We were sailing from Isle of Pines in New Caledonia, back to the mainland there, before we were to kick off a circumnavigation around the country.
We were about half-way, and we knew there was a shallow reef at some point. The charts said it was over 3.5m deep at the shallowest point (we “drew” 2.8m with the keel), so we were pretty relaxed about it.
So, while we were on the lookout for this reef, we were making good time and had the line out behind the boat fishing as well.
All of a sudden, I look down and it’s getting shallow.
Somehow, we hadn’t seen it coming, and it quickly starts to shift from a light blue colour, to the brown-ish tone of really shallow water.
We’re doing about 12 knots at the time under full sail.
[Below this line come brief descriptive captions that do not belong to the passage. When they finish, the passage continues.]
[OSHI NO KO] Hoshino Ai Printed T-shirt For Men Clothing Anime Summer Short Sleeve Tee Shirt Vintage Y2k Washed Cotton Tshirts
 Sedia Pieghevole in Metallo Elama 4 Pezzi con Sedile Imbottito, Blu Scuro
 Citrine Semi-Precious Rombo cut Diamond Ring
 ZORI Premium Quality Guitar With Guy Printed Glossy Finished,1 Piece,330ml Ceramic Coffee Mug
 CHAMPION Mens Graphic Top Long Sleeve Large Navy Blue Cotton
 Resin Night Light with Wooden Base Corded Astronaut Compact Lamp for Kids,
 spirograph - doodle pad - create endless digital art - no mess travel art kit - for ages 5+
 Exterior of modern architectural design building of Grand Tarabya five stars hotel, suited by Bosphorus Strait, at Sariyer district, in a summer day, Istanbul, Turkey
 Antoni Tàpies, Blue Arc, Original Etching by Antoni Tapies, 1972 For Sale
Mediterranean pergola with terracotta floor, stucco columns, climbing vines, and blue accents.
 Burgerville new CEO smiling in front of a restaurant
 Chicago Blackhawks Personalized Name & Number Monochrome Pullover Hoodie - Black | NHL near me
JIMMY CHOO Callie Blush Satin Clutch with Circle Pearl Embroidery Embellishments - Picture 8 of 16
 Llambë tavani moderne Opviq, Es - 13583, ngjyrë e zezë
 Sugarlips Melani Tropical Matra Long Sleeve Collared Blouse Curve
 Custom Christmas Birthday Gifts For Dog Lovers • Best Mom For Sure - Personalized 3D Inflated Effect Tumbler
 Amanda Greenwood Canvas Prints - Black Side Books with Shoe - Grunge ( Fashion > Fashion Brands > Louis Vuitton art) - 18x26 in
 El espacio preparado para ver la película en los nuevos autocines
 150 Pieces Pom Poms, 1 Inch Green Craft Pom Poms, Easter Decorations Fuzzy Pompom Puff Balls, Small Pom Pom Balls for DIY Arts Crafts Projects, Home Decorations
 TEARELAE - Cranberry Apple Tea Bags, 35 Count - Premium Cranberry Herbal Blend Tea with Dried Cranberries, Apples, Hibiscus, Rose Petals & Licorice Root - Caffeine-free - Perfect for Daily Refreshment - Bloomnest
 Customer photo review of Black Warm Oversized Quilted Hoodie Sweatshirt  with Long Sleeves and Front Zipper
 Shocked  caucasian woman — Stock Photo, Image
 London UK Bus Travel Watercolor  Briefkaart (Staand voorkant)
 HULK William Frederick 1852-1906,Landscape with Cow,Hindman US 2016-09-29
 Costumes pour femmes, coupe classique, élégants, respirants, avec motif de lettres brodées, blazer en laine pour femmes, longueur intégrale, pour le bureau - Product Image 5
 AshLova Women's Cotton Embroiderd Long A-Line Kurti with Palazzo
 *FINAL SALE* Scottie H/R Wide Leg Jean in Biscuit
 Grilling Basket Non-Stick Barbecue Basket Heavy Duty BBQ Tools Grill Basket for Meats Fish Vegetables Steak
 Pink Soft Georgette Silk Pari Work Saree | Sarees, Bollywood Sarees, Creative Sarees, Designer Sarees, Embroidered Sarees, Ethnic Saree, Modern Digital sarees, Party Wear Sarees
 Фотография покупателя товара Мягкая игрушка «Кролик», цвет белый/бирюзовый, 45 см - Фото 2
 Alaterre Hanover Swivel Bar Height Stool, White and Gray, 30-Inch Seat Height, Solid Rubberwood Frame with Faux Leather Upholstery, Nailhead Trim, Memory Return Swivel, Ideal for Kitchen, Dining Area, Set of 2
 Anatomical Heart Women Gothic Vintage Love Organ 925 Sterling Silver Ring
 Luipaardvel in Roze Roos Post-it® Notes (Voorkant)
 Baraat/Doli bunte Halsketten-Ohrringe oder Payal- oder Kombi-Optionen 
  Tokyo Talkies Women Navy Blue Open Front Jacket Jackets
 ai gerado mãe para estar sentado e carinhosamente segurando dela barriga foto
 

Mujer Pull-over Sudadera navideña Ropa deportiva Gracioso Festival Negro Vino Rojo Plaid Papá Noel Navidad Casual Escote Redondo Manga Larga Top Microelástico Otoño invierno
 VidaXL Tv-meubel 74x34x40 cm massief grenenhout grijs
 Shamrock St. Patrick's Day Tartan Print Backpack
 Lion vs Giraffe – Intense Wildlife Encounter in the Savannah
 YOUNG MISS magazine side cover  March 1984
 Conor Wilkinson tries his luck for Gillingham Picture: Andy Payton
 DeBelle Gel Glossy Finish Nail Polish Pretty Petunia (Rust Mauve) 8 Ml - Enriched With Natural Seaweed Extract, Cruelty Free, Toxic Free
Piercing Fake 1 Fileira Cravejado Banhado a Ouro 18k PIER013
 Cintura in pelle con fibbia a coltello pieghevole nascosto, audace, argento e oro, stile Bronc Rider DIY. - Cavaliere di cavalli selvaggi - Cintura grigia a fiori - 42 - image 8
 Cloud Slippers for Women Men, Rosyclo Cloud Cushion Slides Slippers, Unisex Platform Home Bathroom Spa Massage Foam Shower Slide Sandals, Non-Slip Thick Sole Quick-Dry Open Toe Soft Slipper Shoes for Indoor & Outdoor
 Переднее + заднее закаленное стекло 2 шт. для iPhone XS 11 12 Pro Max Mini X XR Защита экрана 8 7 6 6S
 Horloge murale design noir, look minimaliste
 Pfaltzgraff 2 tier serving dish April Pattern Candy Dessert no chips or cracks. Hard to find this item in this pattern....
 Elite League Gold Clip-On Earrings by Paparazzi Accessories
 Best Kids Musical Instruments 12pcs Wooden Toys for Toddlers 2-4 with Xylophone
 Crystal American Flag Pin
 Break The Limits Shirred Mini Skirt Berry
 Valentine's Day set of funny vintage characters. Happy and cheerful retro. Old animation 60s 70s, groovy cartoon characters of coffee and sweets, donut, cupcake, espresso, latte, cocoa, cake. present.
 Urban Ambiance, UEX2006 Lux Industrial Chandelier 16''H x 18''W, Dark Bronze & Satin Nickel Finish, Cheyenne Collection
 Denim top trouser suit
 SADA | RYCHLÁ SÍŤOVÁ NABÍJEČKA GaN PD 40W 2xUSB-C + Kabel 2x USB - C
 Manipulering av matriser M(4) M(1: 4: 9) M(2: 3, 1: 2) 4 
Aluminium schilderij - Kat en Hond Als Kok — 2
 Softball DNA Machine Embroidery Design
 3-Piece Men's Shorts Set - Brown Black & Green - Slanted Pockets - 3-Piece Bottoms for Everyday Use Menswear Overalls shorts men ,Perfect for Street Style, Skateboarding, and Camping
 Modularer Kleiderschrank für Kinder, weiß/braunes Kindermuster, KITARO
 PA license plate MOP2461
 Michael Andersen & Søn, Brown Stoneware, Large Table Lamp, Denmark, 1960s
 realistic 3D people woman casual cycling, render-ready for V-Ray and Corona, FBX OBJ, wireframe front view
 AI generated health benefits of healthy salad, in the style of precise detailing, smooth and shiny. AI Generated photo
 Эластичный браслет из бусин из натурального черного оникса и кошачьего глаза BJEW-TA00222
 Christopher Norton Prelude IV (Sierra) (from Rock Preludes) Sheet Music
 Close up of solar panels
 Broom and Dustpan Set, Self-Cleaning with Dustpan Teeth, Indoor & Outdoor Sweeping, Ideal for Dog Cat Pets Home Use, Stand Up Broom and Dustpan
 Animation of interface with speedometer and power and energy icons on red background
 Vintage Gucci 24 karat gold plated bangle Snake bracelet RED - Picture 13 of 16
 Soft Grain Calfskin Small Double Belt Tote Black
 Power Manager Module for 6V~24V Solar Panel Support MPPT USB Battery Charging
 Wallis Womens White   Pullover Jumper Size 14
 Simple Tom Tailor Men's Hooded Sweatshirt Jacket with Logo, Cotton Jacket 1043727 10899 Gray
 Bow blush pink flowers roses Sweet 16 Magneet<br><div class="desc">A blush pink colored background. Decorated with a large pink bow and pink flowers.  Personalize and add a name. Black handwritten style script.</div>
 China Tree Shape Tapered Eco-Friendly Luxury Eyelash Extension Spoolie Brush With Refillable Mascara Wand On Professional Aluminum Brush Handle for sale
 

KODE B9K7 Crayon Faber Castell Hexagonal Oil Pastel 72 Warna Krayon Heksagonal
Dad reassures me we’re fine, because it’s not supposed to get too shallow, but there’s also the distinct sense of mutual uncertainty.
We decide to pivot. We change direction to get into deeper water.
Everything shifts to a mild form of chaos.
We gybe, happen to hook up a fish at the same time, all while watching the depth gauge start showing numbers under 3m…
We make it through, land the fish, and eventually correct back to the original waypoint.
“Pivoting” is a required skill. Sometimes the chaos involved is necessary. But at the same time, it wouldn’t make sense to have a habit of changing course out in the middle of the ocean for no reason…
The difficulty isn’t even in the change itself.
The hard part is in knowing whether whether this is a healthy change for greater good, or are we are just changing to follow a new thread of distraction because the real work has gotten harder.